**Records for this exercise:**
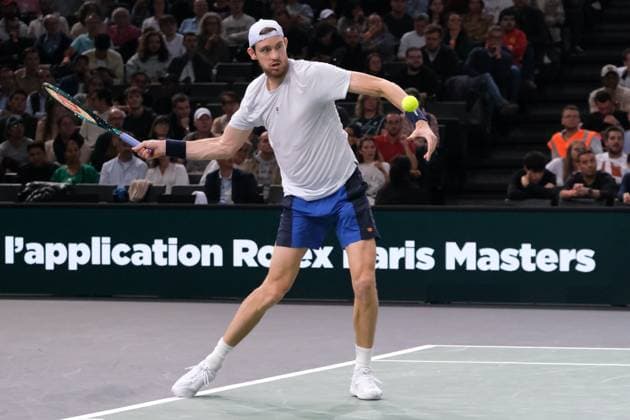 October 29, 2024, Paris, France: NICOLAS JARRY (CHI) returns the ball to CARLOS ALCARAZ (ESP) during the day two of Rolex Paris Masters 1000 tournament at Paris Accor Arena Stadium in Paris France..Alcaraz won 7:5 6:1 Paris France - ZUMAp119 20241029_zaf_p119_094 Copyright: xPierrexSteveninx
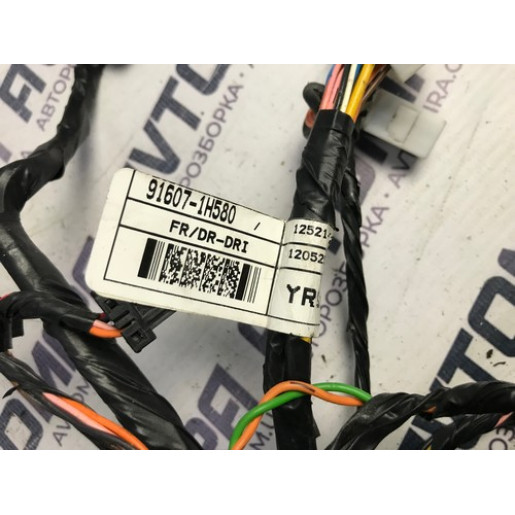 Проводка передней правой двери Kia Ceed 2006-2012 916071H580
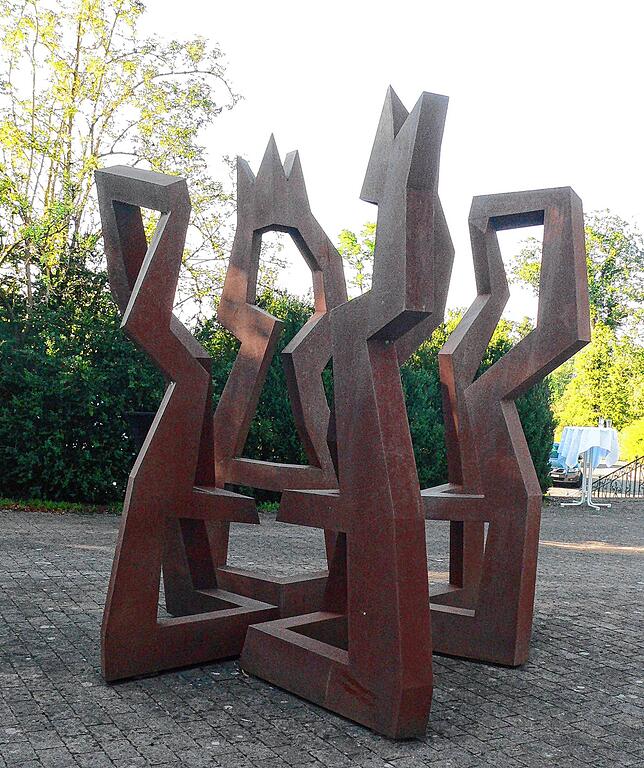 Geometrisch: Das Stahlobjekt &bdquo;La famille&ldquo; von Gillian White.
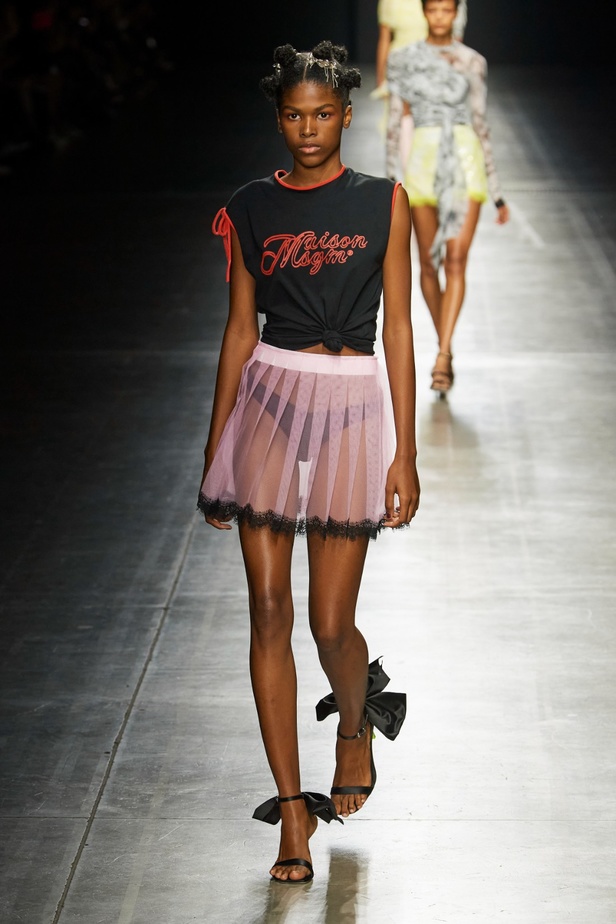 مجموعة MSGM لربيع 2023 وعد بالحبّ من خلال الموضة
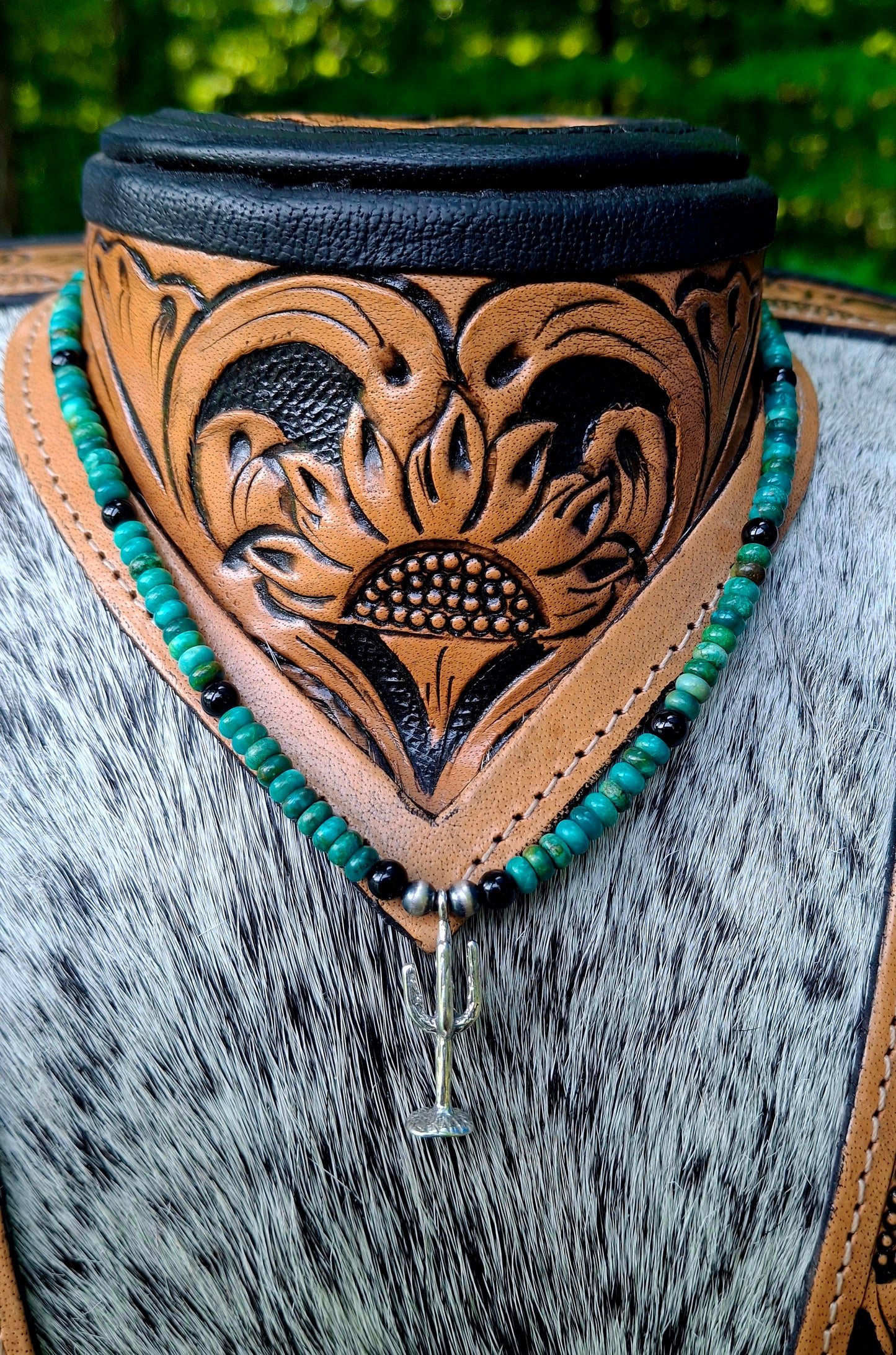 Hubei/Onyx Sterling Cactus Necklace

**What needs to be done:**
Extract the lines beginning with the one that contains "مجموعة MSGM لربيع" and ending with the last line of the listing. Keep them exact and drop the pictures.

**Response to this task:**
 مجموعة MSGM لربيع 2023 وعد بالحبّ من خلال الموضة
 Hubei/Onyx Sterling Cactus Necklace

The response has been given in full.